This morning I read Cutting Across Time by Mary Bell, an interesting account of a medium-sized Lake Superior lumber operation headquartered in Ashland, Wisconsin. It was begun by John Schroeder, who was born in Hanover Germany in 1827 and emigrated to St. Louis with parents in 1837. Schroeder moved to Milwaukee in 1846 and in 1866 at age 39 became a junior partner to Martin Seyfried. When Seyfried retired in 1872, John Schroeder & company was established. Schroeder bought an existing lumber mill in Ashland (built in 1884 by a Mr. Barber but by 1900 it was bankrupt) in 1901 to supply his Milwaukee operation (which sold about 18 million feet per year). The Ashland mill grew to employ about 500 people and produced about 75 million board feet annually.
(Distances from Ashland: Bayfield WI, 17 miles, Two Harbors MN, 71 miles, Cross River (Schroeder), 70 miles, Duluth, 93 miles, Isle Royale MI, 115 miles, Port Arthur Ontario, 164 miles, Sault Sainte Marie, 348 miles)

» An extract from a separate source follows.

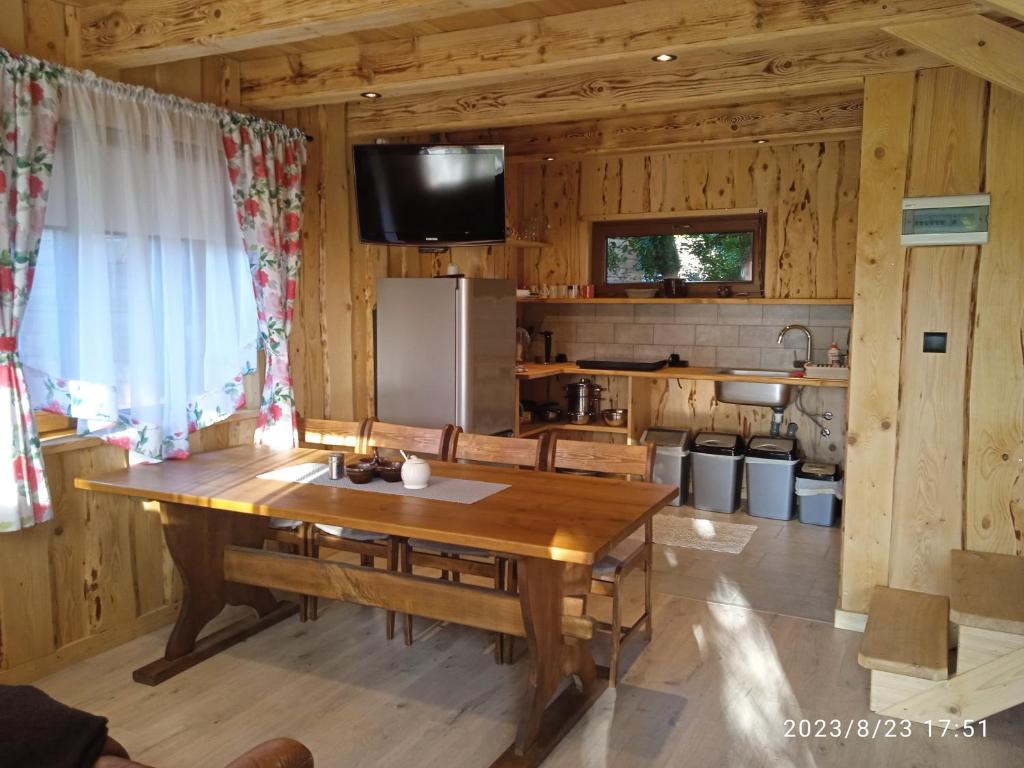 - une cuisine avec une table en bois dans une chambre dans l'établissement Jędrzejówka, à Kazimierz Dolny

Schroeder logged about 18,000 acres of pine in Michigan and about 150 square miles of pinelands around Thunder Bay Ontario. The company also expanded into Florida and Oregon. But its main source was the Cross River, which drains 91 square miles on the north shore of Lake Superior. A town called Redmyer, established in the 1880s by Norwegians, became Schroeder in 1904.
Schroeder built a total of seven dams on the Cross River and its tributaries, beginning in 1895. The largest, 6.5 miles upstream, was 100 feet long and 14 feet high with three gates. Schroeder also dynamited the falls at the end of the river, where it drops about 200 feet into the lake.
(The Cross River system today)
The 1902 spring drive consisted of about 35,000 logs scaling about 20 million feet of lumber. After 1897, they used a battery-operated telephone to time the opening of dams along the route. Schroeder sold the Cross River operation to Alger Smith (Duluth) in 1905 and shifted his lumbering to the Apostle Islands.
Logs from Cross River were rafted and towed across the lake to Schroeder’s mill in Ashland. The steam-powered tugs that pulled rafts traveled about 1 mile per hour, so the trip from Cross River to Ashland took three days. Early spring was usually the best time to raft logs; two-to five-foot waves were considered calm water. Of course, some years the ice on Lake Superior took longer to melt than others. As the summer progressed the lake got rougher.
Apparently there were labor issues in Ashland beginning in May, 1903, when the Setters and Carriage Riders Unions struck for pay increases. The Setters wanted a fifty-cent raise per day, from $2.50 to $3.00; Carriage Riders wanted a twenty-five-cent boost from $2 to $2.25. All the other mill unions honored the strike (Ashland Daily Press, May 28, 1903). This will be interesting to learn more about.
Thank you for the great article. I had suspected that the Schroeder operation had shifted focus to the Apostle Islands following the sale of the Cross River operation. I found references to the rail lines that Schroeder built on the Michigan and Outer Islands and operated between 1919 and 1930. My great grandfather, Manning Watts Kilton, worked for Schroeder Lumber and captained the tug Ashland from 1909 until 1931. I have collected some information related to my great grandfather and his career on the Great Lakes. Let me know if you are interested in it and I would be happy to share the pdf. Likewise, if you come across more info related to the Schroeder Lumber Company, I would be interested in learning of it.